His view was particularly bleak when I interviewed him in 1995 just before his 80th birthday. He was distressed by the tide of white anger that had created the new Republican majority in the House of Representatives. “There’s no magnanimity, no concession, no sense of compassion or understanding of the plight of some others,” Dr. Franklin said.

He went on: “I concede that it’s probably my age, but as I approach — what is it Dr. Reagan said the other day, the sunset of my life — I don’t see enough that is different from what I experienced X numbers of years ago. The big picture is still the subtleties and the sophistication that characterize the maintenance of the status quo.”

Dr. Franklin was too sophisticated to see any one event apart from the grand sweep of history. And he no doubt realized how much the nation’s notion of race had changed from a world of black and white to the open-ended panoply of the multicultural present.

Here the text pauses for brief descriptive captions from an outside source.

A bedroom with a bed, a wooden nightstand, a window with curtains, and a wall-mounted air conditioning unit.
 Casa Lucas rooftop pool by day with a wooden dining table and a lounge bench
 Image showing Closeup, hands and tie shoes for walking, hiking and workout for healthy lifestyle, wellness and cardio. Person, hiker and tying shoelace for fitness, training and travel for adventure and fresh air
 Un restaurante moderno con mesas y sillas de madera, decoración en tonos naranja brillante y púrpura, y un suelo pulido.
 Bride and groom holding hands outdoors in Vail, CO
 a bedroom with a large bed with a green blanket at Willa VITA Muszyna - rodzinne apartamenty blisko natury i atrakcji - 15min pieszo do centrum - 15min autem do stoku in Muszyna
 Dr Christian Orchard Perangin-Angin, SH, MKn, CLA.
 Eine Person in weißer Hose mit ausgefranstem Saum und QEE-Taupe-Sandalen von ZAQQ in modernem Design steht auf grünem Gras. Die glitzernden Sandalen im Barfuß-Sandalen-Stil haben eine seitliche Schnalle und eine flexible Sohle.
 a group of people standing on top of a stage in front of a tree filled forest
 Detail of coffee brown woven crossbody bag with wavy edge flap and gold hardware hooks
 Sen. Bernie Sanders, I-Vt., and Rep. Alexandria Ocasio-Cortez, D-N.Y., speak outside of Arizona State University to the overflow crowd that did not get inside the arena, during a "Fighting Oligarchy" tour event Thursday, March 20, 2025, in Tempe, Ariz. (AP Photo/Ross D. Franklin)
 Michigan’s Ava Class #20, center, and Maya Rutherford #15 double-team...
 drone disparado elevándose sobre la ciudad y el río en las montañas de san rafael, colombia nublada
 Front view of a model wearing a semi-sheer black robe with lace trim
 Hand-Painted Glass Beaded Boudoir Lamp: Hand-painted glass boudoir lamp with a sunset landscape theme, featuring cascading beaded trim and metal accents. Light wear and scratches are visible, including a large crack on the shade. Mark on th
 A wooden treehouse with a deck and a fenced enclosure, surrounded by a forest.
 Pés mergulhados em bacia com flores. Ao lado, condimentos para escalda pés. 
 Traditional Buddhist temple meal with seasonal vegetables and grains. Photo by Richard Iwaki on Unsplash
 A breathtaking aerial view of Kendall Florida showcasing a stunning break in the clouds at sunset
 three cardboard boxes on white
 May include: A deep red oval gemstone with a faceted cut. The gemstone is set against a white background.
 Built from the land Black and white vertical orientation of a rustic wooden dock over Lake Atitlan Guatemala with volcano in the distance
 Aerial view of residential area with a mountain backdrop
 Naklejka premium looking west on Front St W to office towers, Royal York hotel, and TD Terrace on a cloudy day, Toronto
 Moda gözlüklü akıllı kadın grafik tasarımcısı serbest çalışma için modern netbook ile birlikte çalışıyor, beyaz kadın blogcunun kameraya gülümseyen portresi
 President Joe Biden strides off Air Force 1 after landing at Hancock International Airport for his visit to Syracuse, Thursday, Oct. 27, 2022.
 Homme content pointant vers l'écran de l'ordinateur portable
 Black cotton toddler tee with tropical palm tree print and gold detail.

Still the one core value he never strayed from was the value of integration, as well he might since his father had left Louisiana because he had not been allowed to practice law there and had eventually settled in the all-black town of Rentiesville, Okla. In a sense Dr. Franklin’s scholarship served the cause of integration, too, by blending the African-American story into the broader American one. And so it was particularly satisfying when an African-American — moreover, one of complex racial ancestry — realized Dr. Franklin’s own absurd childhood fantasy and was elected president.

“I didn’t think it would happen in my lifetime,” Dr. Franklin said last year after Barack Obama’s nomination. It reminded him that the history he had told so well included chapters in which real progress had been made. “It’s an indication of the willingness as well as the ability of this country to turn a significant corner toward full political equality.”